American Journal of Student Research

Applying Object Detection to Automatic Drum Transcription

Publication Date : Sep-19-2025

DOI: 10.70251/HYJR2348.35282287


Author(s) :

Dylan Li.


Volume/Issue :
Volume 3
,
Issue 5
(Sep - 2025)



Abstract :

Automatic music transcription (AMT) is a fundamental problem in music information retrieval (MIR), involving the conversion of audio recordings into symbolic representations such as MIDI. This study presents a novel approach to automatic drum transcription (ADT) by reframing it as a computer vision object detection problem. Using the YOLO11 model, drum notes were predicted and transcribed with bounding boxes in spectrograms generated from the Expanded Groove MIDI Dataset (E-GMD). Two-second audio segments were extracted via a sliding window, converted into 640×640 grayscale spectrograms, and annotated with bounding boxes corresponding to onset times and instrument classes.

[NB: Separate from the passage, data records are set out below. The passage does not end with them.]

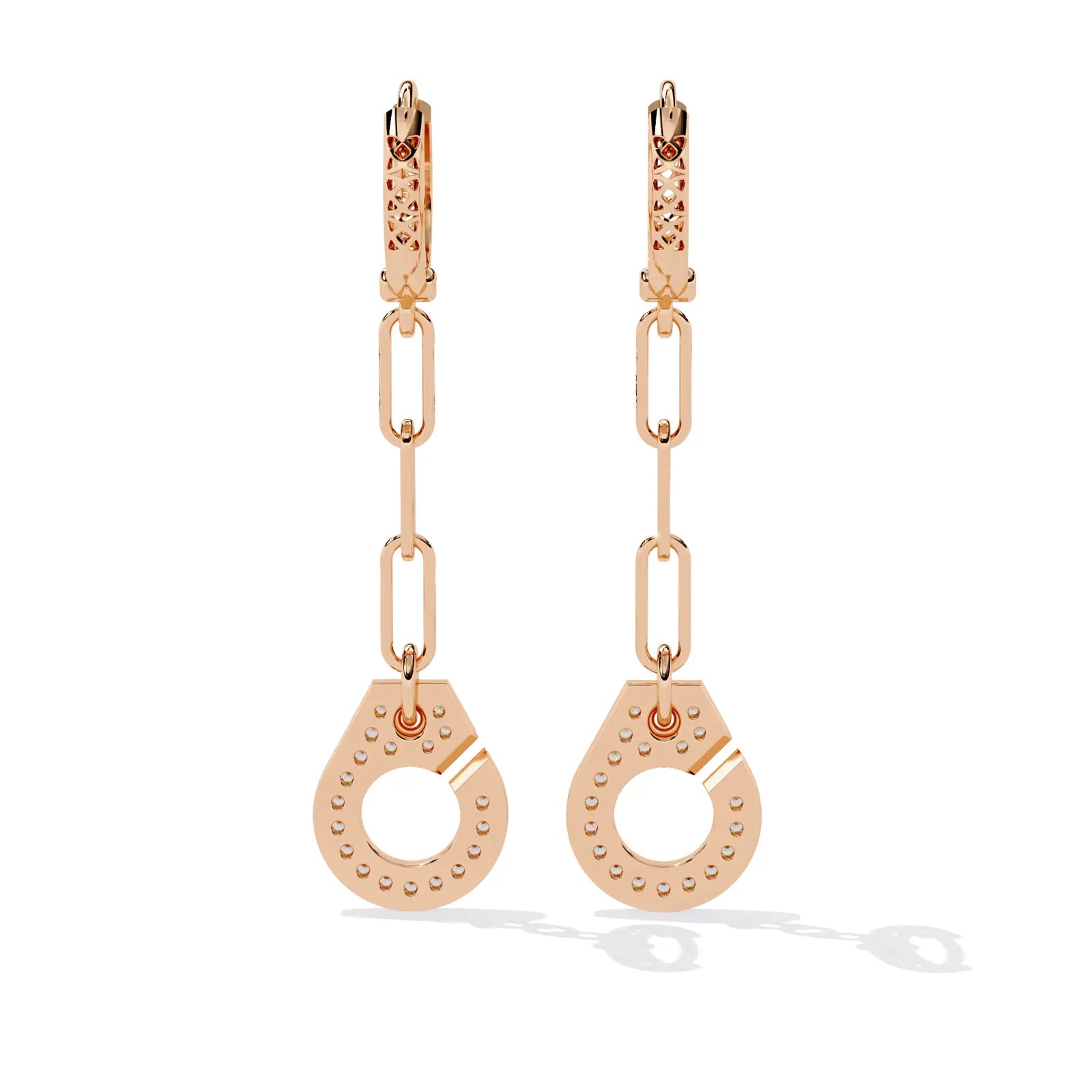 Cordella Drop Earrings - round brilliant diamond earrings - angled view - hand-made in Byron Bay Hinterland, Australia by Lucano Fine Jewellery
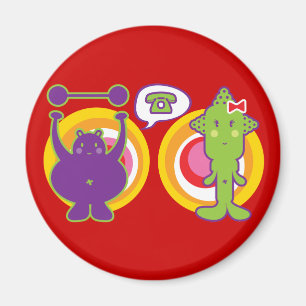 Herr lilor & Fröcken grön gullig tecknade figure Magnet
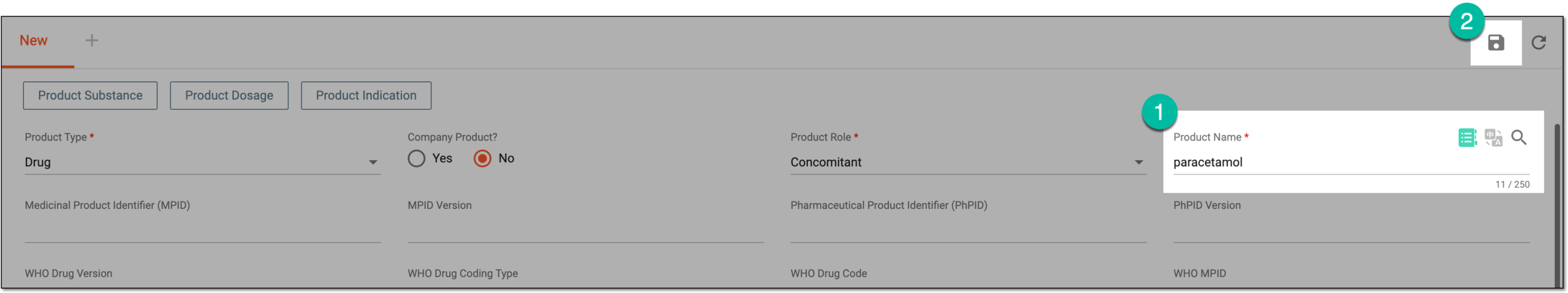 Saving verbatim term for product name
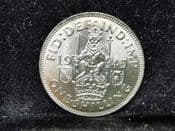 George VI, Silver (.500), One Shilling 1945 (Scottish), UNC, MY795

The model achieves strong detection performance, with results mAP@0.5 of 0.943, precision of 0.892, and recall of 0.846. Results demonstrate YOLO11’s ability to handle polyphonic, temporally dense drum passages without explicit onset separation. This work highlights the potential of adapting computer vision techniques to audio-based event detection, paving the way for broader MIR applications beyond percussion, such as multi-instrument transcription and real-time performance analysis.